Fellinopolis ossia la città di Federico restituisce al pubblico un importante frammento del mondo felliniano, la sua città, la città nella quale passò gran parte della sua vita, dove si sentiva a casa, la casa del cinema, Cinecittà e il “suo” teatro di posa preferito, il Teatro numero 5 (a lui intitolato dal 2013).

Il documentario di Silvia Giulietti, Fellinopolis appunto, è un prezioso lavoro di recupero oltreché una gran bella chicca cinematografica. Si tratta infatti di una sapiente opera di montaggio (con ritmo allegramente felliniano) dei preziosissimi Special – Backstage girati da Ferruccio Castronuovo su richiesta di Fellini sui set di Casanova, La città delle donne, E la nave va Ginger e Fred, documentando e rivelando gli elementi del “grande gioco”, le invenzioni e le “bugie” del regista, nella città immaginaria dietro le quinte dei suoi film, in un arco temporale che copre dieci anni dal 1976 al 1986. Special all’epoca utilizzati per il lancio dei film e conservati da oltre quarant’anni dalla Cineteca Nazionale.

Fellinopolis è il documentario che mancava su Fellini, la ricostruzione artistica e storica di uno dei miti del regista, uno dei suoi luoghi del cuore, fucina della sua creatività, il Teatro 5,  il posto ideale, l’embrione della magia felliniana, lo spazio da riempire con i mondi creati dalla finta realtà ricostruita al tavolino dell’immaginazione onirica del regista.

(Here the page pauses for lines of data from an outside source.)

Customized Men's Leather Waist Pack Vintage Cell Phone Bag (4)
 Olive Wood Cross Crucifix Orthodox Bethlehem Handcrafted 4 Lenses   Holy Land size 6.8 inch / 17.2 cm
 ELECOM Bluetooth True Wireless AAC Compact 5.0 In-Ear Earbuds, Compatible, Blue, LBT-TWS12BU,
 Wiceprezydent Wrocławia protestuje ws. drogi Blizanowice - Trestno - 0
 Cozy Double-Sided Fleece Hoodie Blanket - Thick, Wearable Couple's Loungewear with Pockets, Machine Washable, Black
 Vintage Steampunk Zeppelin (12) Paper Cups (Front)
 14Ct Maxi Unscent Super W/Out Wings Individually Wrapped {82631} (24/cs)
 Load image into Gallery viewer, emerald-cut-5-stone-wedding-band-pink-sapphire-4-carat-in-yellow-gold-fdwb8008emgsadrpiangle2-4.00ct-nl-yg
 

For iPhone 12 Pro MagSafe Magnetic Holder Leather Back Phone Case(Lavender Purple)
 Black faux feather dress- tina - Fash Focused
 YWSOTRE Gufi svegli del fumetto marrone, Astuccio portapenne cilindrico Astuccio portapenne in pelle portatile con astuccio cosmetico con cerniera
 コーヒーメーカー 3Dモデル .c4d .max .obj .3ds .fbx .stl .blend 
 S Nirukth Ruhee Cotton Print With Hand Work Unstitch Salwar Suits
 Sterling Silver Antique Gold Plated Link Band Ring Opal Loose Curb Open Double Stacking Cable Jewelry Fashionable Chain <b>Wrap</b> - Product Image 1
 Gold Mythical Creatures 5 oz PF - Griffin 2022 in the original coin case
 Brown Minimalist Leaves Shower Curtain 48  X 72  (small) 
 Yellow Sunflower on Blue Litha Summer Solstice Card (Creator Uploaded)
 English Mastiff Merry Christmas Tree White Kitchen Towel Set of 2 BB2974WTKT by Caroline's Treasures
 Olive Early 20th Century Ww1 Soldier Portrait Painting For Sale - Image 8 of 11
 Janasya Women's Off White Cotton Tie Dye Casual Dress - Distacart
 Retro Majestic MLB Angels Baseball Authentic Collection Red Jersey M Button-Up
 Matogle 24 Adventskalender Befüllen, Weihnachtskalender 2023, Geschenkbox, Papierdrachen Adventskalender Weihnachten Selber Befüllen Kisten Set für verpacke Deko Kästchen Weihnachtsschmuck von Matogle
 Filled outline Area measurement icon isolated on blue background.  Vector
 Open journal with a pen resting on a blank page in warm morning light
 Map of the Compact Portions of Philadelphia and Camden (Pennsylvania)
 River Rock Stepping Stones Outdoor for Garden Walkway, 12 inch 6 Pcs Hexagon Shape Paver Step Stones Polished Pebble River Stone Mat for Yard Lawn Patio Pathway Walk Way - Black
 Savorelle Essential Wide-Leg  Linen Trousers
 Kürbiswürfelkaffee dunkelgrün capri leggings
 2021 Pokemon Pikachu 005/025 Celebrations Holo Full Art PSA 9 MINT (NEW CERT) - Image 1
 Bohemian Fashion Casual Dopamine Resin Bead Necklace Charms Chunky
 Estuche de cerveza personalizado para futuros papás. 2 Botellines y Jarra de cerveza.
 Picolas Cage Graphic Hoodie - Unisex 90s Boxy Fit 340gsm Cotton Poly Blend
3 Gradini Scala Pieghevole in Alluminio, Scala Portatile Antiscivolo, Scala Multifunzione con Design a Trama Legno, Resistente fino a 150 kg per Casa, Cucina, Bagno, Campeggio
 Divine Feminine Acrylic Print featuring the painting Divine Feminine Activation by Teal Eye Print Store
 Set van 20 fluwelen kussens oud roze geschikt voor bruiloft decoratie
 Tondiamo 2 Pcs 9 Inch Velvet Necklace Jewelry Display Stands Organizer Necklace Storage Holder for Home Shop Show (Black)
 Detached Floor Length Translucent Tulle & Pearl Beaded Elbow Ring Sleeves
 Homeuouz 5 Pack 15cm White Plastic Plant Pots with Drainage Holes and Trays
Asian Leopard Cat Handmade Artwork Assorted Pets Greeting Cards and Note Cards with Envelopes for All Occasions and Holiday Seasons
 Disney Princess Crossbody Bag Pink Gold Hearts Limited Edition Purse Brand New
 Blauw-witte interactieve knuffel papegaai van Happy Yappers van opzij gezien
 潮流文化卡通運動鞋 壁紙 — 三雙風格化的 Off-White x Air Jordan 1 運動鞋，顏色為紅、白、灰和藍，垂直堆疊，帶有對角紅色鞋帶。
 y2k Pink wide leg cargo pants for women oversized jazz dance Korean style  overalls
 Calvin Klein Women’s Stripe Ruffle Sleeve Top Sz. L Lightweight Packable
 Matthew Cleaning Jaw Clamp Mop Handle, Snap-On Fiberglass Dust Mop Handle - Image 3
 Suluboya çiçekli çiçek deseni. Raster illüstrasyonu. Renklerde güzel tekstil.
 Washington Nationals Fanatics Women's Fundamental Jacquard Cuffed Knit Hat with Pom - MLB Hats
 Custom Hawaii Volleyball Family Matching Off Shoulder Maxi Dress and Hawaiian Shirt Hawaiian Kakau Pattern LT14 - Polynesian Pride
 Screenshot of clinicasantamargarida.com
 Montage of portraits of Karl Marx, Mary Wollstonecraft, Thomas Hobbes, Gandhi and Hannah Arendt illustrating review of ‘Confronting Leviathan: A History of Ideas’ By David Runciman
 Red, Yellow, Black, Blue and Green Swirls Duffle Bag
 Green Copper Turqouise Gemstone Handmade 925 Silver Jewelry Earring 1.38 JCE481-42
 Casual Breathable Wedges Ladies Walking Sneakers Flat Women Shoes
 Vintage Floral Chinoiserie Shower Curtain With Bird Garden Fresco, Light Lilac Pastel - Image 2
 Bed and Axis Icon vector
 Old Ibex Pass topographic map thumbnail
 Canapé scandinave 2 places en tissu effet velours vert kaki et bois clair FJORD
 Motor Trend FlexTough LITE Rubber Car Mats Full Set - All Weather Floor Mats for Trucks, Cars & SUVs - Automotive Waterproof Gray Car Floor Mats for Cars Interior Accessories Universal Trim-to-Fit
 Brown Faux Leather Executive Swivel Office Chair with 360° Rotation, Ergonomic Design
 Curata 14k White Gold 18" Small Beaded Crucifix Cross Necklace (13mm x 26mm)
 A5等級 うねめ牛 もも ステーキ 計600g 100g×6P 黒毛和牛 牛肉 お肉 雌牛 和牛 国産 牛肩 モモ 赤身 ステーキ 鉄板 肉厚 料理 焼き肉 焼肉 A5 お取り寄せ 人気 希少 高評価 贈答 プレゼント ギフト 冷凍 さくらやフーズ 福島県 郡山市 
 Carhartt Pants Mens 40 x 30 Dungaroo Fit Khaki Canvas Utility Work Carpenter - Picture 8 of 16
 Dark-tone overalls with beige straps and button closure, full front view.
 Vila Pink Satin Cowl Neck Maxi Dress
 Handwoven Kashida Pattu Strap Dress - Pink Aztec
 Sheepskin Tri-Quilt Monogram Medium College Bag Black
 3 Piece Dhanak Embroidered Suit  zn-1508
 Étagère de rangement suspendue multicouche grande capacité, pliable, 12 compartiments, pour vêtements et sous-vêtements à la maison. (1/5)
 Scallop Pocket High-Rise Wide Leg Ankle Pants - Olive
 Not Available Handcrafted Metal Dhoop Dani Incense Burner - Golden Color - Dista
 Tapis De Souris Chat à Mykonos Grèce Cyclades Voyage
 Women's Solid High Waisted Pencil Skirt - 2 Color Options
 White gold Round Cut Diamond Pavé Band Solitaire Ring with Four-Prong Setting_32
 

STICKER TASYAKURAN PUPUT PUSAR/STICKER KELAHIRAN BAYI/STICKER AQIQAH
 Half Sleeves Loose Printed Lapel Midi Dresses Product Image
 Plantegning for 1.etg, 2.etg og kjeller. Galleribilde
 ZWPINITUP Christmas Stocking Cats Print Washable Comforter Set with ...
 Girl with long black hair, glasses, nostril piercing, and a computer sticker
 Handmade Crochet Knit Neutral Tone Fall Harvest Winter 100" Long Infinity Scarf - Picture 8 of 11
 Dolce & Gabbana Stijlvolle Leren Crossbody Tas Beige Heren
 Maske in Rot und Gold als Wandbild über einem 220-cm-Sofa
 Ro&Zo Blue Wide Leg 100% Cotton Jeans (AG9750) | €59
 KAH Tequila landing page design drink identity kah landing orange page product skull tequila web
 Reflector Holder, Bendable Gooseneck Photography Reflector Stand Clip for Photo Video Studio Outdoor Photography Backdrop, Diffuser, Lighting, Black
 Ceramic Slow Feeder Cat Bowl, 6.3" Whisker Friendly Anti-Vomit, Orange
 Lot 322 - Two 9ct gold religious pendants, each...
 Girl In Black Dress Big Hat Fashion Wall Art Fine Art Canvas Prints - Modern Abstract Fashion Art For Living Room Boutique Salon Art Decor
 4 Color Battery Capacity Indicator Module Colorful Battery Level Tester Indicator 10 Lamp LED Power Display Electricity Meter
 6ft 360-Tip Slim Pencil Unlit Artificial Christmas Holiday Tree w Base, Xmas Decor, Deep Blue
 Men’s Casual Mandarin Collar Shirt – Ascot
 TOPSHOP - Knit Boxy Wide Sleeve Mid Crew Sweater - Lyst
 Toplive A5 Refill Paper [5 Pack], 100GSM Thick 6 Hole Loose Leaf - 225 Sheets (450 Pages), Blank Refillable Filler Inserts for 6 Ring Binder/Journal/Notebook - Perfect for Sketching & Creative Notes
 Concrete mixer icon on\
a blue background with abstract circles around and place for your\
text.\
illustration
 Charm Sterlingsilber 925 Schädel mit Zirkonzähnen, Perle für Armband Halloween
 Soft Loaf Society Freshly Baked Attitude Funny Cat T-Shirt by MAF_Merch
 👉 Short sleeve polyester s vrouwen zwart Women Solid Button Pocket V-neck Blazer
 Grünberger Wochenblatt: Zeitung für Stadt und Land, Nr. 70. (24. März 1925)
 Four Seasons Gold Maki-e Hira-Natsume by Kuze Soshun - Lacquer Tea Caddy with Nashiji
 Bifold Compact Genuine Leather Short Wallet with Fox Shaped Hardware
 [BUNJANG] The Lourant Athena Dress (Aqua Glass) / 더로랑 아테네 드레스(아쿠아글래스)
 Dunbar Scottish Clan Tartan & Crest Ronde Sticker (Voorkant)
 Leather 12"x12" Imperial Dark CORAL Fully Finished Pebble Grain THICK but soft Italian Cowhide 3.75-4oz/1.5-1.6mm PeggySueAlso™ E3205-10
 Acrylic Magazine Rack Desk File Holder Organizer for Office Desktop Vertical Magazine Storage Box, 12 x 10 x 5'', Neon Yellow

Le riprese di Castelnuovo sono intrinsecamente felliniane nei colori, nelle luci, nei suoni in presa diretta, nei punti di vista assunti per catturare le riprese. Come in uno specchio riflettono lo stile della regia felliniana e il sapore dei suoi set:  “Io volevo raccontare – confessa Castelnuovo – tutto il lavoro sul set dei film di Fellini, e mi son messo alla ricerca delle più belle inquadrature che potessi girare” (il rinoceronte del finale di E la nave va, il mare di cellophane). “Mi ricordo il momento terribile in cui Fellini si metteva a guardare il mio girato, si voltava, mi guardava e io timidamente sorridevo poi mi chiedeva ‘ma qui, dov’è che stavi? Dove ti eri messo?’”. Come in un caleidoscopio il girato dei backstage prende forma disseminando alla rinfusa, come piccoli frammenti colorati del circo felliniano, le immagini, le facce straordinarie, i costumi di scena, le prove, i ciak, i dietro le quinte dei balletti di Ginger e Fred, le interiezioni di Federico contro i suoi attori: “Non vi va come vi guardo? E allora non vi guardo più, va bene così?”.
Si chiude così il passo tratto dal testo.